Bookshelf: You have an MA in Creative Writing from the University of Kent, UK. How has getting a formal education in creative writing impacted on your career?

Osu: My master’s was a cruise, I must say. I enjoyed every bit of the process. I enjoyed every part of Kent. I was meeting books, research materials I could not have accessed in Nigeria. The university library was home, and my faculty was incredibly supportive. The School of English is such an inspiring space. The impact was majorly on my scope of education and human interaction as opposed to the process of learning I had gone through in Nigeria. As an urban and regional planning student in Minna, the university frustrated me with obsolete and uninspiring planning theories, lecturers were as short-sighted and sadistic as jagged knives. So, to then move to an entirely new system equipped with resources and proficiency, it was culture shock in the sweetest and inspiring of ways. And I am incredibly good and quick at negotiating and adjusting, especially when I feel at home, where my freedom as a person and as an artist can be fully exercised. You fully flourish when you feel at home in a place. And my writing? Freedom is the base for my writing, my art, my life.

Bookshelf: Do you think formal education for writers is necessary?

Osu: No. Only if they want it. Whichever way you slice it, education happens in many ways: reading, travelling, interacting with people and cultures, imagination, fantasy, experiences. Before my master’s, I had read, and I am still reading, amply on poets and poetics from several countries and cultures, both dead and living poets. The fact is that my education and growth as a poet majorly rode on my independent readings, curiosity, and my imagination. I do not have a bachelor’s degree in literature or creative writing; I do not even have a bachelor’s in anything. I just love books.

I should mention one important learning tool the writer needs: writing. A writer writes. Write on the job; the job is to write, so write. Mistakes will be made, lessons and rules will be learned, rules will be broken, new tactics will be devised; you will learn to cut and trash out lines, you will learn to start afresh, learn to rest, abandon, adopt, innovate, and so on. Read and write and live, in whatsoever order you prefer.

Bookshelf: You have read and performed in several cities, within and outside Nigeria. Would you say performing before a crowd is important for poets to master?

Osu: Mastering public performance is not important, whether for poets or geologists or carpenters or nurses. What is important to or for the poet is up to them to choose and decide. Not everyone is comfortable before a crowd, and that is not immoral. Not everyone is a good reader of their poems, and that is okay. Poets should feel free not to perform their poems if they do not want to perform or read. No hard-and-fast rules. The work done is in the poem-the written poem-and the poem will reach its audience. I have not read or heard of a record of Walt Whitman reading or performing poetry. Not Emily Dickinson. I am not dismissing oral or performative modes of delivering poetry, no; I am not dismissing reading poetry in public. What I am pointing here is that the poet writes their poems.
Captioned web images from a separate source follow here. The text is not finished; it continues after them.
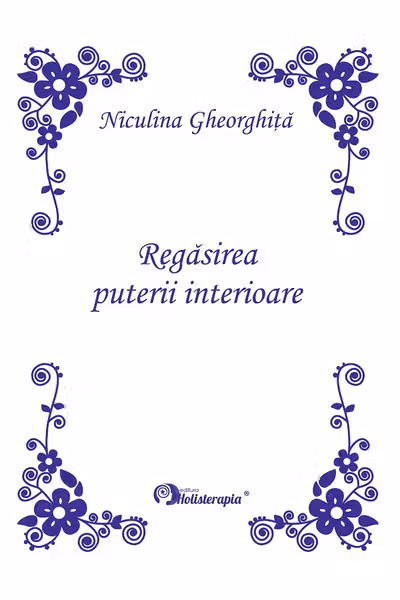 Regăsirea puterii interioare. Ediție Princeps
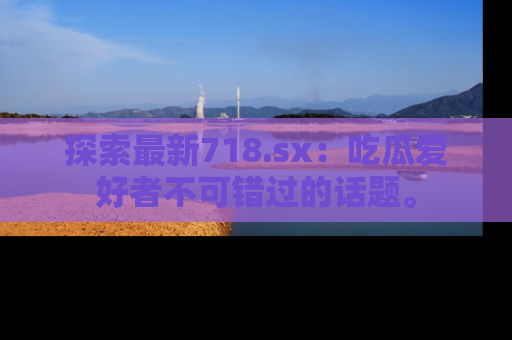探索最新718.sx:吃瓜爱好者不可错过的话题。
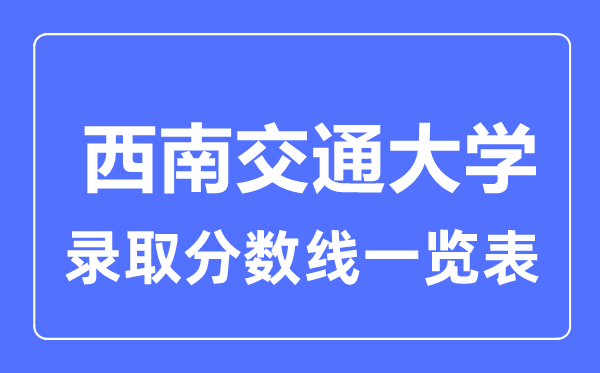 2023年高考多少分能上西南交通大學(xué)？附各省錄取分?jǐn)?shù)線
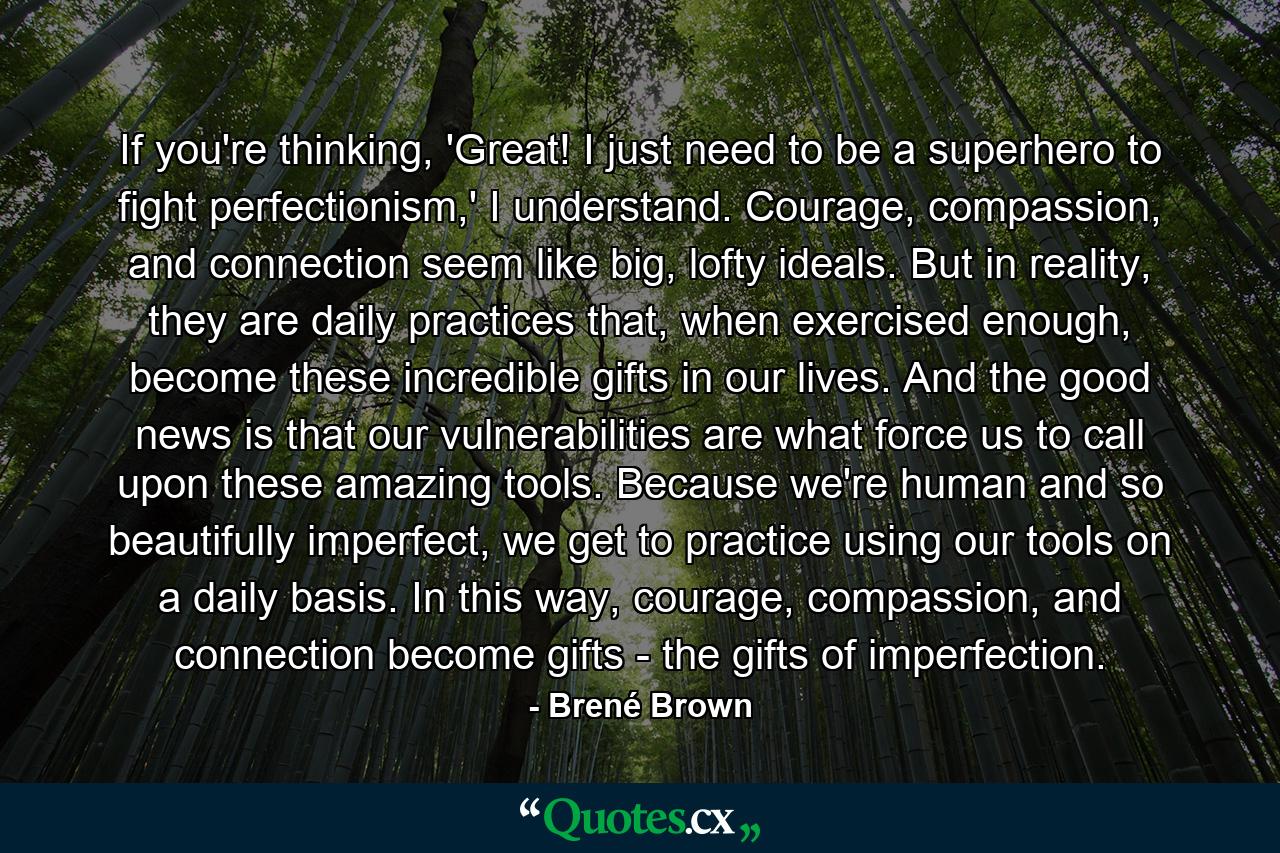 If you're thinking, 'Great! I just need to be a superhero to fight perfectionism,' I understand. Courage, compassion, and connection seem like big, lofty ideals. But in reality, they are daily practices that, when exercised enough, become these incredible gifts in our lives. And the good news is that our vulnerabilities are what force us to call upon these amazing tools. Because we're human and so beautifully imperfect, we get to practice using our tools on a daily basis. In this way, courage, compassion, and connection become gifts - the gifts of imperfection. - Quote by Brené Brown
Bookshelf: Do you intend to write a novel anytime soon?

Osu: I do not know; time will tell. I do not feel any pressure to write a novel. Novels are not the only forms of art writers are capable of crafting; there are poems, memoirs, biographies, history, critical readings, songs, sermons, satires, plays, commentaries for radio and tv, and newspaper articles to be written. I started by writing poems and then memoirs. I have no idea what I will be writing in the future. My imagination is without borders. I seek reinvention, hybridisation, unrestrained experimentation. I seek the unknown and I seek to unknow. Give the sky a new name and colour.

Bookshelf: What are you working on at the moment?

Osu: I am working on another poetry collection, a book of hybrids. A full-length print collection of street photographs, and I am mentally preparing myself for my PhD.